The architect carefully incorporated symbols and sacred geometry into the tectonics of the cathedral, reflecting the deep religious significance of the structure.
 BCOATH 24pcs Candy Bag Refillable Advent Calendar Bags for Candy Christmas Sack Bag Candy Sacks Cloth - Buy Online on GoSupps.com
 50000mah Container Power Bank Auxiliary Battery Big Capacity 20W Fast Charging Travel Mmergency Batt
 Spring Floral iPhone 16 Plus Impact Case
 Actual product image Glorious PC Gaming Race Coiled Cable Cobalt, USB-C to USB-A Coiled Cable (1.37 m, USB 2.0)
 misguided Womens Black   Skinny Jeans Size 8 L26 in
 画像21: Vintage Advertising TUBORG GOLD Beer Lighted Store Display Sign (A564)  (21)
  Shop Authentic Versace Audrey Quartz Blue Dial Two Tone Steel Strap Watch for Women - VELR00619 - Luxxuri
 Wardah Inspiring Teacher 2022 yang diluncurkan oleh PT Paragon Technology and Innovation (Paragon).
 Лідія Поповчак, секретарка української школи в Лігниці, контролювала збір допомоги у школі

-------

Up to and including the last line of the material, reproduce every line exactly, beginning with the one that contains "Shop Authentic Versace" and adding nothing else.

**RESPONSE TO THIS EXERCISE**
  Shop Authentic Versace Audrey Quartz Blue Dial Two Tone Steel Strap Watch for Women - VELR00619 - Luxxuri
 Wardah Inspiring Teacher 2022 yang diluncurkan oleh PT Paragon Technology and Innovation (Paragon).
 Лідія Поповчак, секретарка української школи в Лігниці, контролювала збір допомоги у школі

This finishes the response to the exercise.